> _WHAT IS EXPECTED_
The lines below, from the one containing "ai_generated anime ayase_momo" through the one containing "Bismark Pack De", should be set down exactly, with no pictures and nothing else.

> _SUPPLIED RECORDS_
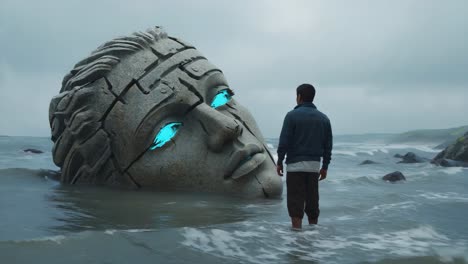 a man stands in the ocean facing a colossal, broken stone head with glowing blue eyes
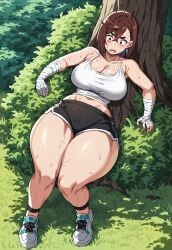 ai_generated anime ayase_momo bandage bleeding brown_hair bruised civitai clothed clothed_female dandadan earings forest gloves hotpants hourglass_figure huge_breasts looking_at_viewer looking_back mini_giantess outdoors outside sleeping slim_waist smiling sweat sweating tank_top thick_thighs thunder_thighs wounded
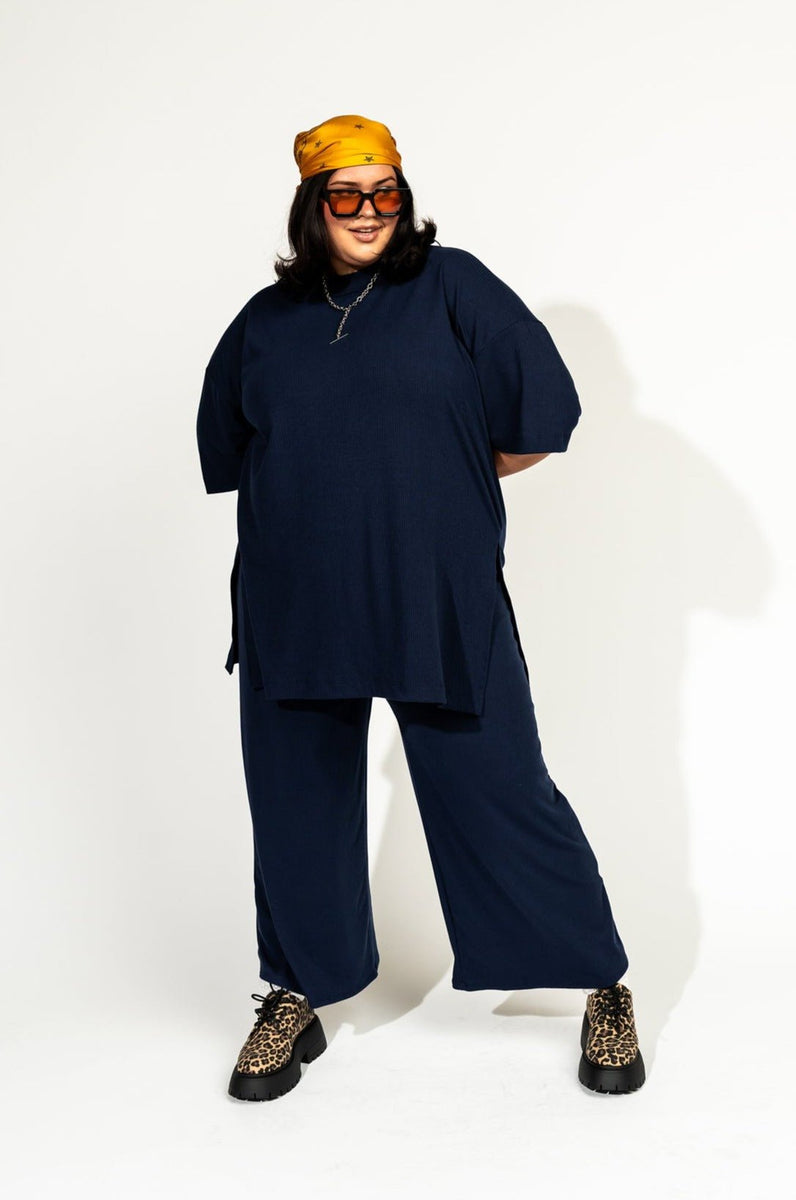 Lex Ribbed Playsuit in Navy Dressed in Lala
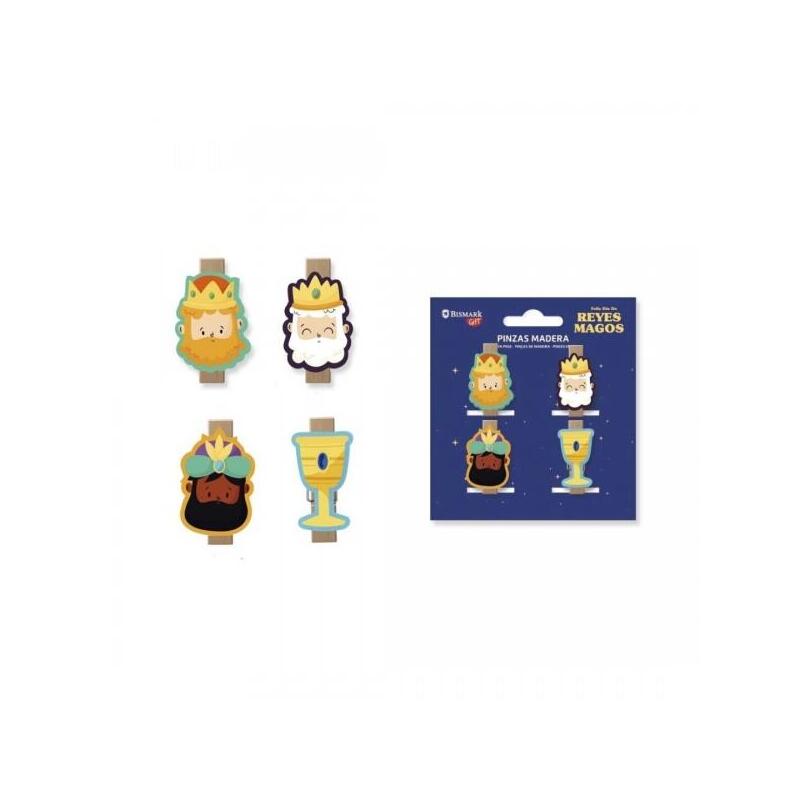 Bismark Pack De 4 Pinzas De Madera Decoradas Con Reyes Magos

* * *

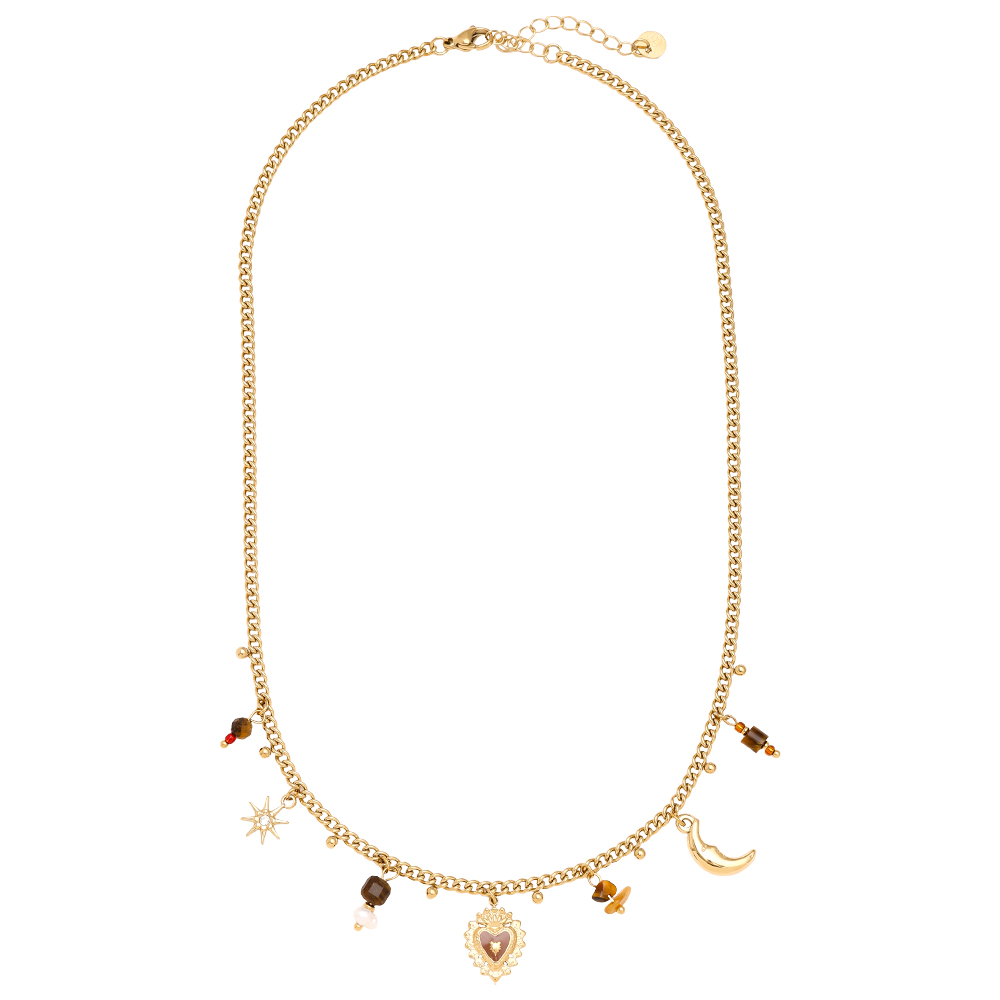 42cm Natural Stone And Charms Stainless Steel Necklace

> _RESULT FOR THIS EXERCISE_
 ai_generated anime ayase_momo bandage bleeding brown_hair bruised civitai clothed clothed_female dandadan earings forest gloves hotpants hourglass_figure huge_breasts looking_at_viewer looking_back mini_giantess outdoors outside sleeping slim_waist smiling sweat sweating tank_top thick_thighs thunder_thighs wounded
 Lex Ribbed Playsuit in Navy Dressed in Lala
 Bismark Pack De 4 Pinzas De Madera Decoradas Con Reyes Magos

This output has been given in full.